To begin with, our humble narrator Angus Mooney is dead. He is not aware of this at first; he just knows he isn’t home at his little yellow abode in Australia with his pregnant wife, Gracie. Once he starts figuring out that he is somewhere else, he will begin to get glimpses of what is going on in the life he has left. Angus is now existing in what he has been led to believe is the afterlife, although it is not like any afterlife he’s ever heard of.
"HERE GOES NOTHING does indeed lay on the dark humor in thick doses... [T]his is highly intelligent reading of the tallest order with much to unpack. "
Meanwhile, Gracie, who has been waiting for two days for her missing husband to return home from whatever bender he must be on, receives a knock on the door from an odd-looking stranger.
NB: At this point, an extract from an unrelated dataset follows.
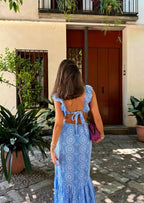 Ruffled Plunging V-Neck Maxi Dress with Embroidery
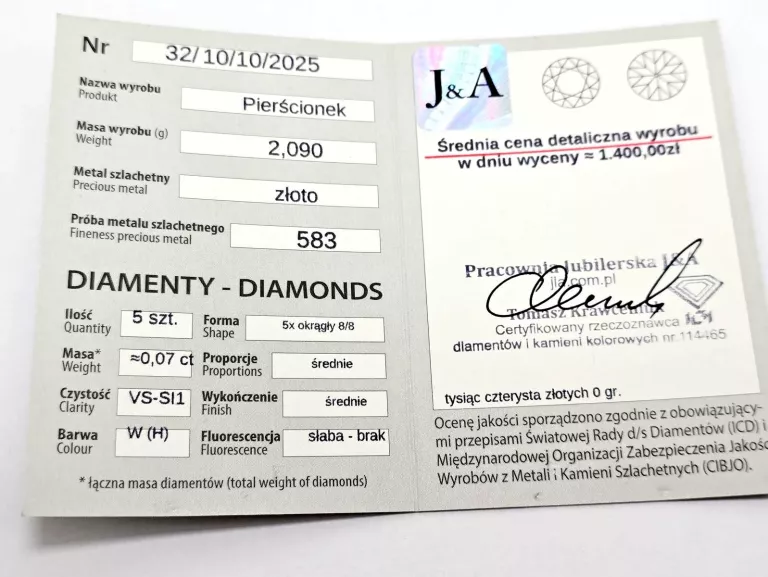 ZŁOTY PIERŚCIONEK Z DIAMENTAMI 585 2,09G 0,07CT 15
Calling himself Owen, he claims to have once lived in their house; he is dying and in need of one last look at the place. What Gracie does not realize is that Owen is a doctor who killed Angus in a fit of jealous rage. He has always wanted Gracie from afar, so killing her husband was his nefarious and purely evil way of going about getting her and the house --- with a baby on the way --- all in one fell swoop.
Well, our fearless narrator cannot stand for this. The only trouble is that he’s still trying to figure out this afterlife thing and how, if at all, he might be able to warn Gracie about Owen and his intentions. Unfortunately, even when he was alive, Angus was nothing more than a low-level pickpocket. So he doesn’t have much of a skill set to offer, even if there’s an opportunity to interfere with the land of the living. He will definitely need help.
Angus meets a lot of interesting characters in the afterlife, but none quite like Valeria, who becomes his lover and mentor, helping him get acclimated to this new plane of existence. She even brings him to a post-traumatic death disorder support group, but nothing will replace the hole in his non-life and his inability to help Gracie and their soon-to-be-born child. Gracie misses Angus equally and even resorts to Ouija boards in an effort to conjure him and learn exactly what happened to him.
HERE GOES NOTHING does indeed lay on the dark humor in thick doses, and much of what is covered here is directly out of those Philosophy 101 courses that most readers probably slept through in college. If that does not describe you, hang on for a treat, as this is highly intelligent reading of the tallest order with much to unpack. Steve Toltz is obviously having a ton of fun guiding you on this existential journey, which will pay you back for sitting through those classes in more ways than you can imagine.